Table 1. Presents age-related quantitative changes in biochemical markers of endothelial dysfunction (homocysteine, thrombomodulin, endothelin-1) in the examined patients
Table 2. Sex- and age-related quantitative changes in biochemical markers of endothelial dysfunction (homocysteine, thrombomodulin, endothelin-1) in patients with acute ischemic stroke
ET-1 levels were significantly higher in female patients compared to males (p<0.01), and this trend was observed across all age groups. We also assessed the relationship between neurological deficit severity and the concentrations of biochemical markers of endothelial dysfunction (homocysteine, thrombomodulin, endothelin-1) during the acute phase of ischemic stroke (IS). It was found that in patients with severe neurological deficit, there was a marked increase in homocysteine (from 10.5±1.2 µmol/L to 21.3±3.1 µmol/L; p<0.001), thrombomodulin (from 65.6±3.2 µg/L to 140.3±6.3 µg/L; p<0.01), and endothelin-1 (from 8.9±0.21 pg/mL to 12.5±0.27 pg/mL; p<0.01) — representing an approximate twofold rise in each marker (Table 3).

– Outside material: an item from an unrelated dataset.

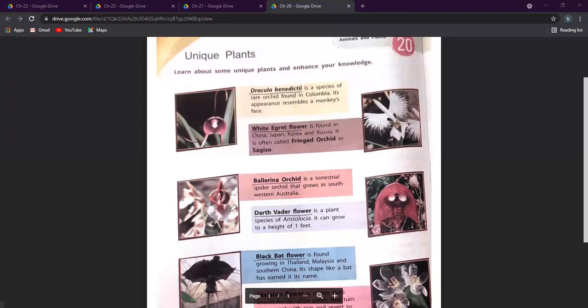Then we have the Darth Vader flower. It is a species of Aristolochia, and it can grow to a height of one foot.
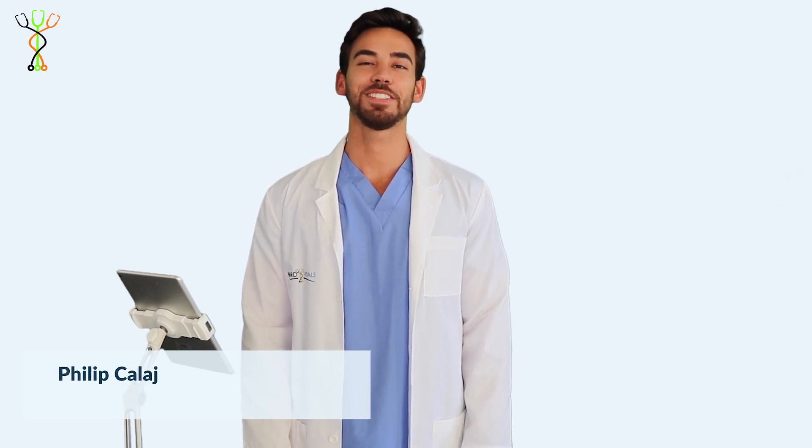Hey, I'm Philip Collage, and I'm going to be answering a question from the Board Vitals Podiatry Question Bank.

Table 3. Changes in biochemical markers of endothelial dysfunction (homocysteine, thrombomodulin, endothelin-1) according to the severity of neurological deficit in patients during the acute phase of ischemic stroke
Furthermore, the predictive significance of elevated biomarker levels for the development of severe neurological deficit was identified. Specifically, a homocysteine level exceeding 16.59 µmol/L (AUC = 0.878, sensitivity – 77.3%, specificity – 89.2%; p<0.001), a thrombomodulin level above 70.0 µg/L (AUC = 0.869, sensitivity – 87%, specificity – 86.3%; p<0.001), and an endothelin-1 level greater than 9.2 pg/mL (AUC = 0.889, sensitivity – 86%, specificity – 84%; p<0.001) were identified as threshold values associated with poor neurological outcomes.

4. Conclusions

An age-dependent increase in the levels of homocysteine, thrombomodulin, and endothelin-1 was observed in patients during the acute phase of ischemic stroke, confirming the presence of pronounced endothelial dysfunction. These elevations, which intensified with age, reflect significant impairments in endothelial function and highlight its critical role in stroke pathogenesis.Sex-specific differences in the levels of endothelial dysfunction biomarkers were also observed: men exhibited higher levels of homocysteine and thrombomodulin, whereas women showed significantly elevated endothelin-1 levels.
The combined use of these biomarkers provides additional insight into the functional state of brain tissue during the hyperacute phase of ischemic stroke and may serve as an important tool for outcome prediction.